Vielen Bürgern ist die Steuerbefreiung des Familienheims bei der Erbschaftsteuer bekannt. Allerdings kann nicht oft genug heraus gestellt werden, dass diese Steuerbefreiung nicht bedingungslos ist. Tatsächlich ist sie an Voraussetzungen geknüpft, welche vom Fiskus natürlich auch sehr streng geprüft werden.
So ist die Erbschaft des Familienheims durch Kinder nur dann von der Erbschaftsteuer befreit, soweit der Erblasser darin bis zum Erbfall eine Wohnung zu eigenen Wohnzwecken genutzt hat und diese beim Erwerber unverzüglich zur Selbstnutzung zu eigenen Wohnzwecken bestimmt ist. Es muss sich also im wahrsten Sinne des Wortes um ein Familienheim handeln. Darüber hinaus greift die Befreiung der Erbschaftsteuer beim Erwerb durch Kinder nur, soweit die Wohnfläche der Wohnung 200 Quadratmeter nicht übersteigt.

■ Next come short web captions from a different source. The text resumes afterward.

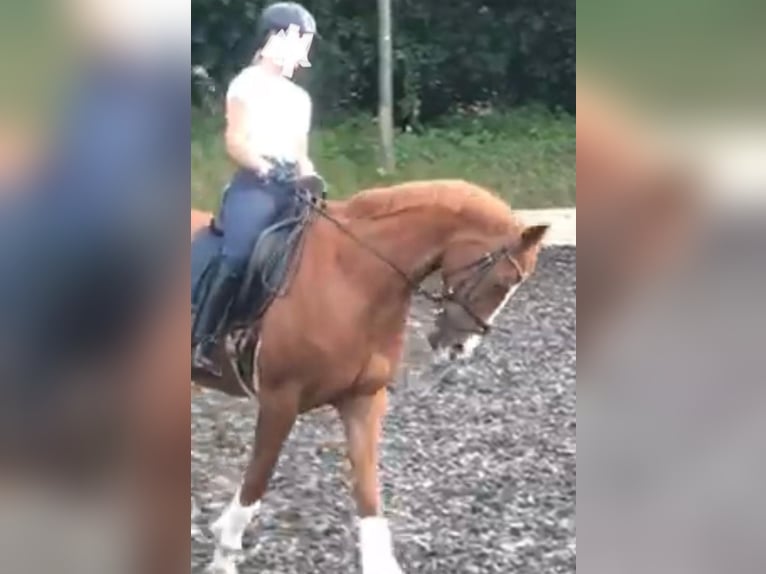 Danish Warmblood Mare 18 years 15,3 hh Chestnut-Red in Hamburg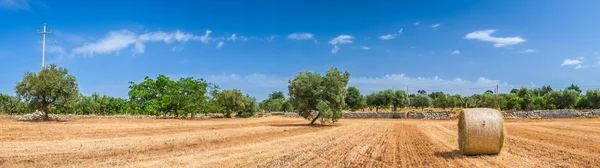 Sheaves of straw, Apulia region — Stock Photo, Image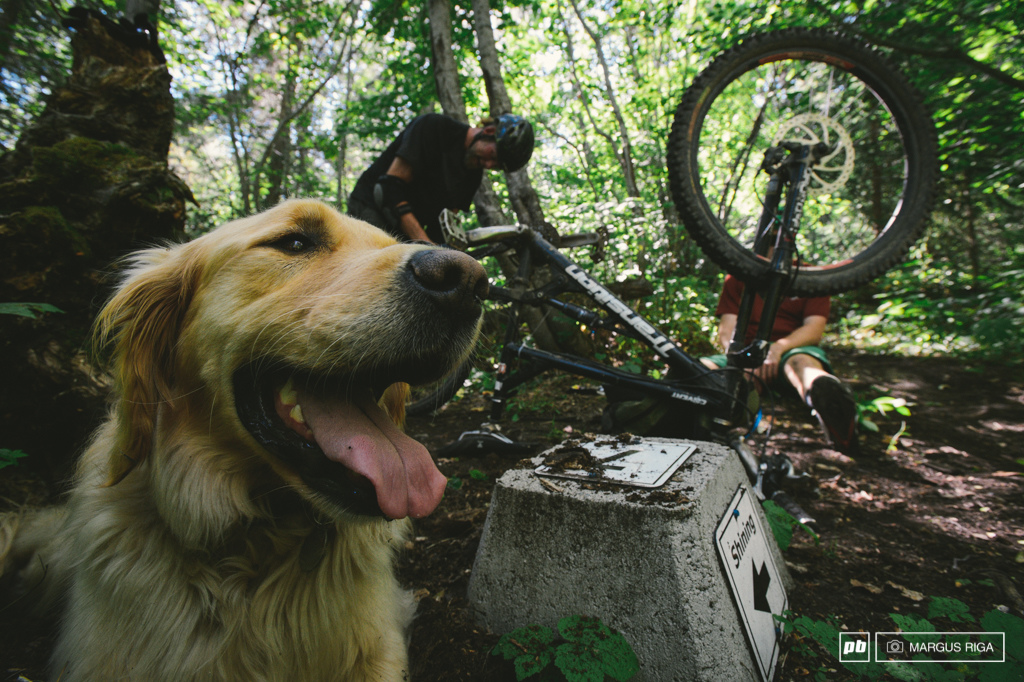 Dogs are happiest on the trails.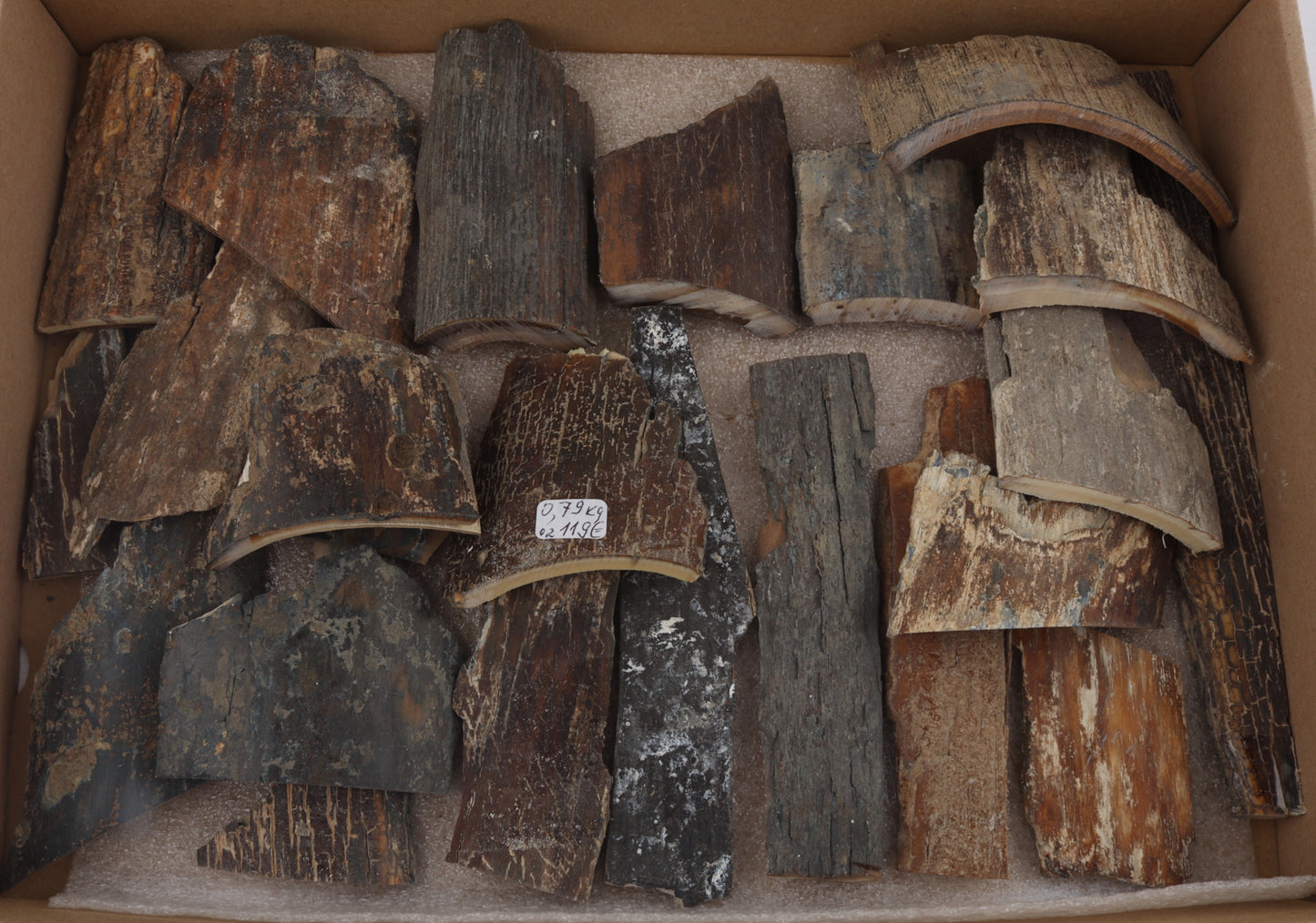Untreated mammoth bark pieces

In der Praxis problembehaftet ist dabei immer die Frage, was denn unter einer unverzüglichen Bestimmung zur Selbstnutzung zu verstehen ist. Klar und unumstritten ist, dass der Erbe nicht unverzüglich einziehen muss. Es ist daher schon ausreichend, wenn der Erbe entsprechende Maßnahmen, wie zum Beispiel Renovierungsmaßnahmen, ergreift, die ersichtlich werden lassen, dass die Wohnung zur Selbstnutzung zu Wohnzwecken bestimmt ist. Exakt diese Bestimmung muss aber ebenso unumstritten unverzüglich erfolgen. Sehr umstritten ist dabei allerdings, was denn unverzüglich in diesem Zusammen ist.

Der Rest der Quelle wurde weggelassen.